If the Bank elects to invest in a life insurance, disability or annuity policy on the life of the Executive, then the Executive shall assist the Bank by freely submitting to a physical exam and supplying such additional information necessary to obtain such insurance or annuities.

		
	XI.
	MISCELLANEOUS

		
	A.
	Alienability and Assignment Prohibition:

Neither the Executive, nor the Executive’s surviving spouse, nor any other beneficiary(ies) under this Executive Plan shall have any power or right to 

5

transfer, assign, anticipate, hypothecate, mortgage, commute, modify or otherwise encumber in advance any of the benefits payable hereunder nor shall any of said benefits be subject to seizure for the payment of any debts, judgments, alimony or separate maintenance owed by the Executive or the Executive’s beneficiary(ies), nor be transferable by operation of law in the event of bankruptcy, insolvency or otherwise.  In the event the Executive or any beneficiary attempts assignment, commutation, hypothecation, transfer or disposal of the benefits hereunder, the Bank’s liabilities shall forthwith cease and terminate.

		
	B.
	Binding Obligation of the Bank and any Successor in Interest:

The Bank shall not merge or consolidate into or with another bank or sell substantially all of its assets to another bank, firm or person until such bank, firm or person expressly agree, in writing, to assume and discharge the duties and obligations of the Bank under this Executive Plan.  This Executive Plan shall be binding upon the parties hereto, their successors, beneficiaries, heirs and personal representatives.

		
	C.
	Amendment or Revocation:

Subject to Paragraph XIII, it is agreed by and between the parties hereto that, during the lifetime of the Executive, this Executive Plan may be amended or revoked at any time or times, in whole or in part, by the mutual written consent of the Executive and the Bank.

		
	D.
	Gender:

Whenever in this Executive Plan words are used in the masculine or neuter gender, they shall be read and construed as in the masculine, feminine or neuter gender, whenever they should so apply.

		
	E.
	Effect on Other Bank Benefit Plans:

Nothing contained in this Executive Plan shall affect the right of the Executive to participate in or be covered by any qualified or non-qualified pension, profit-sharing, group, bonus or other supplemental compensation or fringe benefit plan constituting a part of the Bank’s existing or future compensation structure.

		
	F.
	Headings:

Headings and subheadings in this Executive Plan are inserted for reference and convenience only and shall not be deemed a part of this Executive Plan.

6

		
	G.
	Applicable Law:

The validity and interpretation of this Agreement shall be governed by the laws of the State of Louisiana.

		
	H.
	12 U.S.C. § 1828(k):

Any payments made to the Executive pursuant to this Executive Plan, or otherwise, are subject to and conditioned upon their compliance with 12 U.S.C. § 1828(k) or any regulations promulgated thereunder.

		
	I.
	Partial Invalidity:

If any term, provision, covenant, or condition of this Executive Plan is determined by an arbitrator or a court, as the case may be, to be invalid, void, or unenforceable, such determination shall not render any other term, provision, covenant, or condition invalid, void, or unenforceable, and the Executive Plan shall remain in full force and effect notwithstanding such partial invalidity.

		
	J.
	Not a Contract of Employment:

This Agreement shall not be deemed to constitute a contract of employment between the parties hereto, nor shall any provision hereof restrict the right of the Bank to discharge the Executive, or restrict the right of the Executive to terminate employment.

		
	K.
	Present Value:

All present value calculations under this Agreement shall be based on the following discount rate:
	
		
	Discount Rate:
	The discount rate as used in the FASB 87 calculations for the Executive Plan.

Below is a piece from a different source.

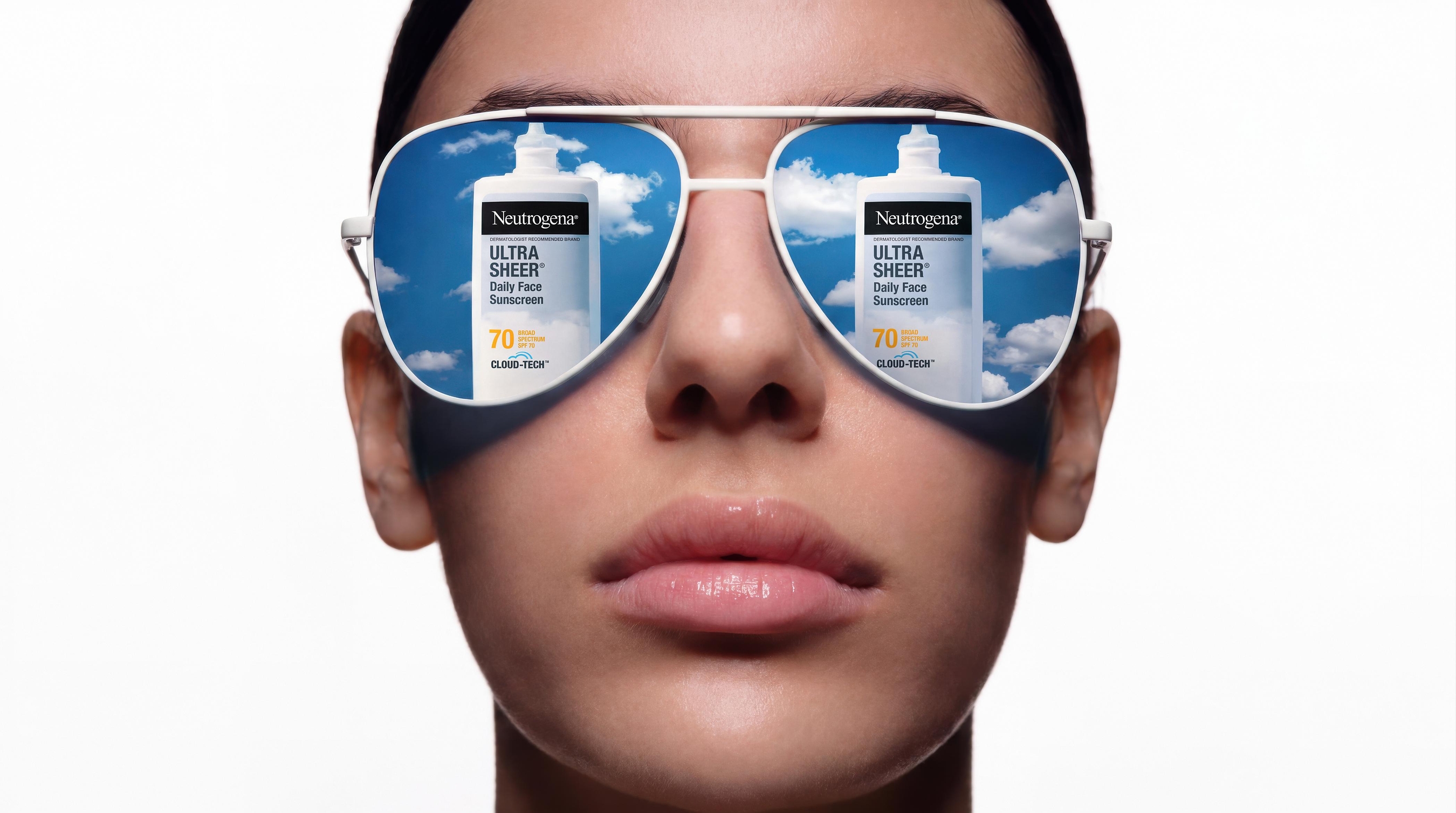 Person wearing oversized aviator sunglasses with Neutrogena Ultra Sheer sunscreen product displayed on blue sky lenses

L.    Supersede and Replace Entire Agreement:

This Agreement shall supersede the Executive Salary Continuation Agreement dated  July 7, 2004, and shall replace the entire agreement of the parties pertaining to this particular Executive Salary Continuation Agreement.

7

M.    Restriction on Timing of Distribution: 

Notwithstanding any provision of this Agreement to the contrary, distributions under this Agreement may not commence earlier than six (6) months after the date of a Separation from Service (as described under the “Separation from Service” provision herein) if, pursuant to Internal Revenue Code Section 409A, the participant hereto is considered a “specified employee” (under Internal Revenue Code Section 416(i)) of the Bank if any stock of the Bank is publicly traded on an established securities market or otherwise.  In the event a distribution is delayed pursuant to this Section, the originally scheduled distribution shall be delayed for six (6) months, and shall commence instead on the first day of the seventh month following Separation from Service.  If payments are scheduled to be made in installments, the first six (6) months of installment payments shall be delayed, aggregated, and paid instead on the first day of the seventh month, after which all installment payments shall be made on their regular schedule.  If payment is scheduled to be made in a lump sum, the lump sum payment shall be delayed for six (6) months and instead be made on the first day of the seventh month.

N.    Certain Accelerated Payments:  

The Bank may make any accelerated distribution permissible under Treasury Regulation 1.409A-3(j)(4) to the Executive of deferred amounts, provided that such distribution(s) meets the requirements of Section 1.409A-3(j)(4).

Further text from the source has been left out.